I got the cheapo Walmart special that is vent attached. It does help keep the phone cool as it can heat up tremendously over a 7-12 hour shift.
The problem? It keeps coming loose, unless I want it to and then I almost damage my vent. It is now broken 1 of 4 tabs. I suspect it will come loose more often unntil it breaks my phone screen, which I swear it's trying to do on purpose. Bastid.

So, I will be looking for better one. No CD or suction cup type for obvious reasons. So, what's left?

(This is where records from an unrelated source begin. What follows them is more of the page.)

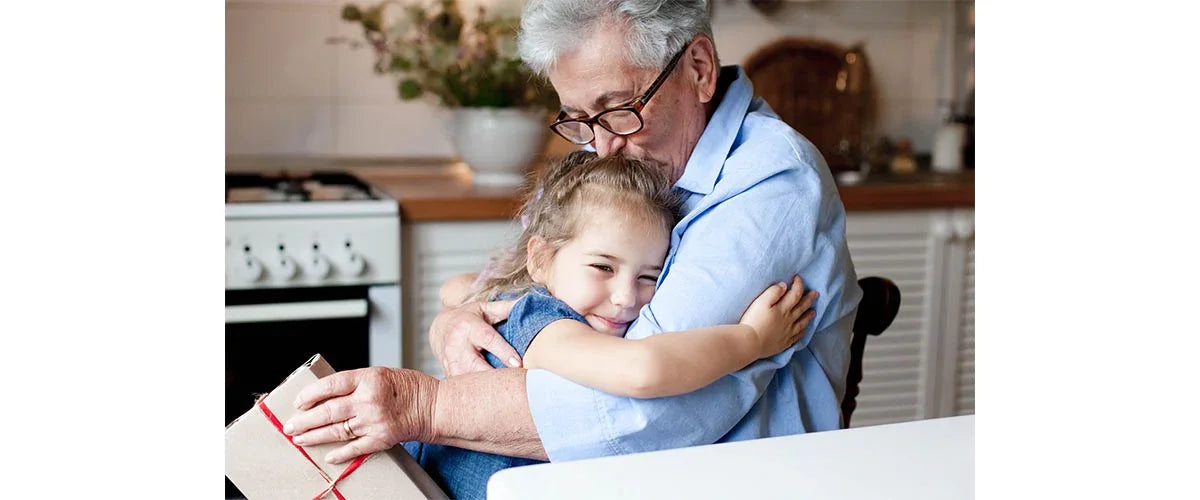 Senior wearing adaptive clothing from Ovidis hugs a young child in a cozy kitchen setting.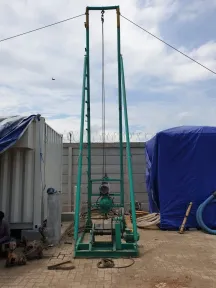 Rig tripod baja hijau didirikan di lapangan untuk menanam batang pembumian, dengan kontainer proyek di belakangnya.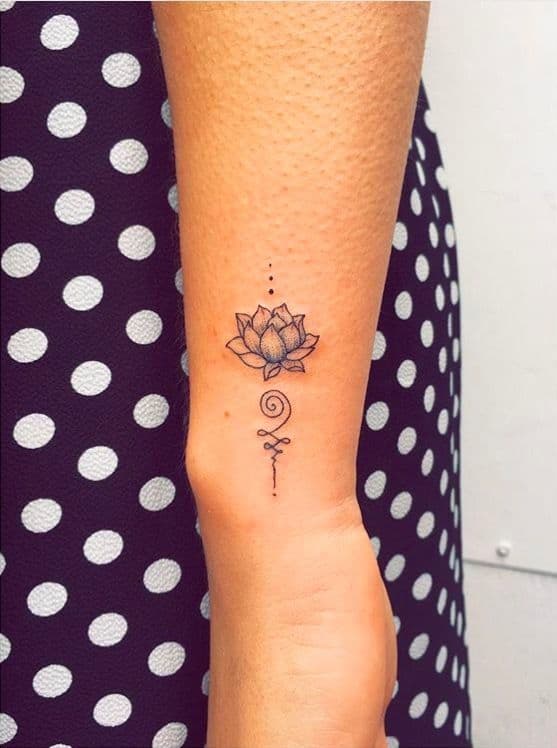 Unalome tattoo with a lotus on the wrist, symbolizing spiritual enlightenment, personal growth, and the journey toward inner peace.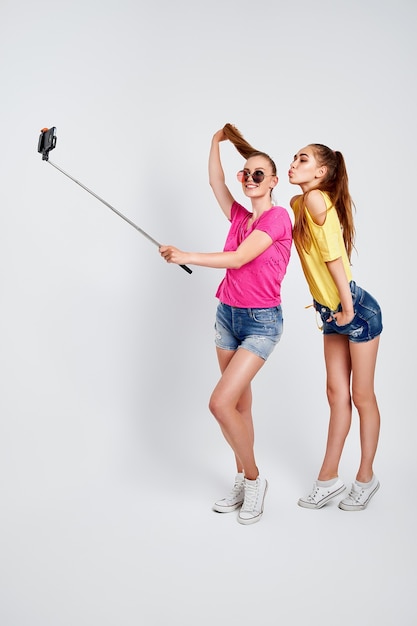 Retrato de adolescentes felizes tomando selfie juntos, isolado no branco - retrato de adolescentes felizes em roupas de verão, óculos de sol, tomando selfie juntos, isolado no branco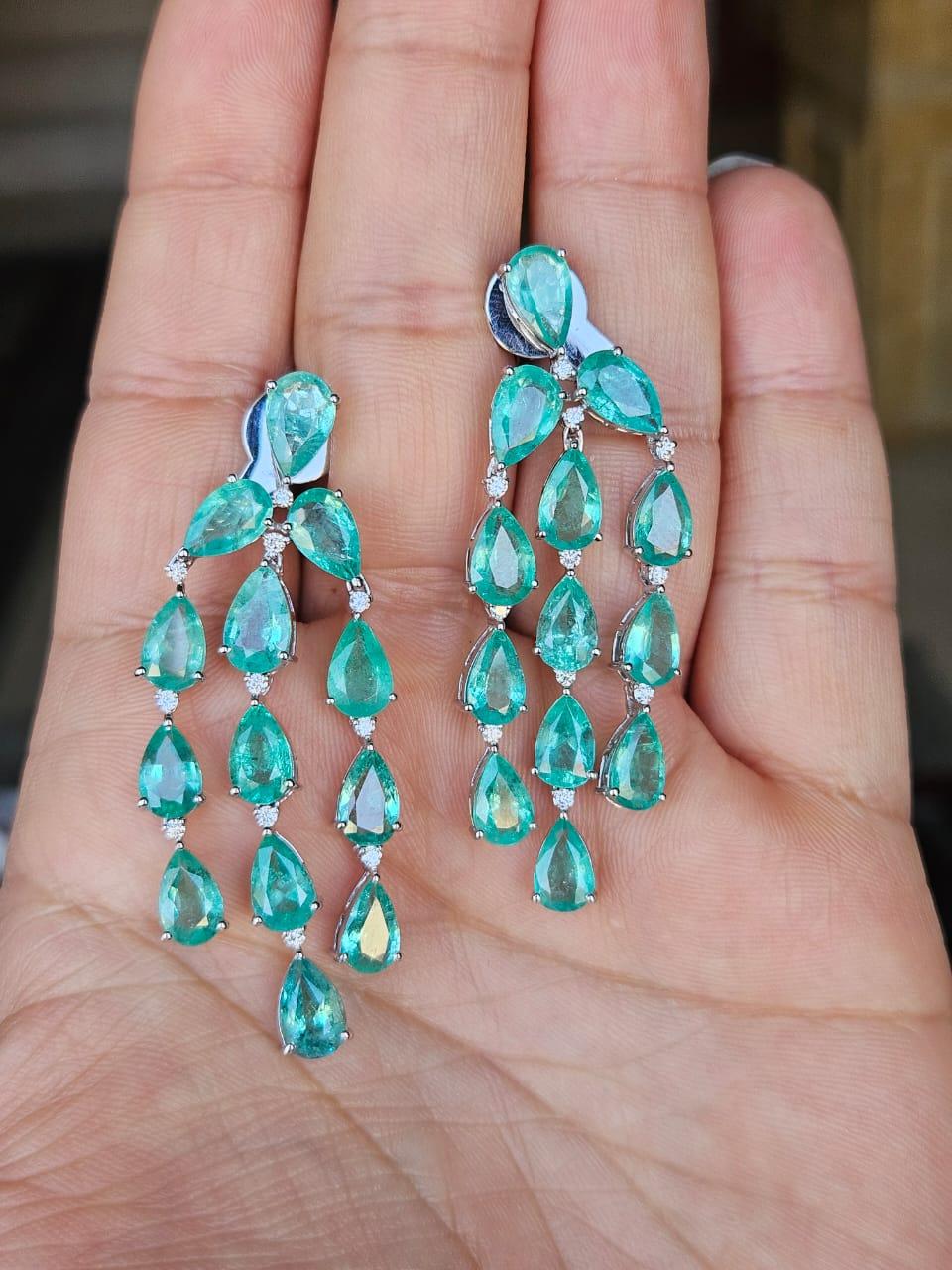 Bellissimi orecchini a pendente con smeraldo, in stile moderno, realizzati in oro bianco 18 carati e diamanti naturali. Il peso degli smeraldi è di 20,33 grammi. Gli smeraldi sono completamente naturali, senza alcun trattamento e sono di origine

I like to have the phone visible to me and pax as we route, but yet out of outside view.
Sometimes, at night, I will turn my phone light down as to not be so glaring to attract cops or others views (taxis, Uber drivers, police, etc).


----------



## Dks2k2

Depends on where your cup holder is but mine is between the seats by hand break and I use this one I posted earlier in both my cars. Out of site and easily seen by you and pax.
http://www.amazon.com/dp/B002JTWRN8/?tag=ubne0c-20


----------



## LyftMurph

Scosche magic mount, replaced my vent one


----------



## forkedover

Neutron s


----------



## BigKnutz

I found this at Best Buy for $20 (Insignia brand). Works perfect, and the shaft/wand can be manipulated any way you need it. Comes with a vent clip too if it can't be attached to your dash.


----------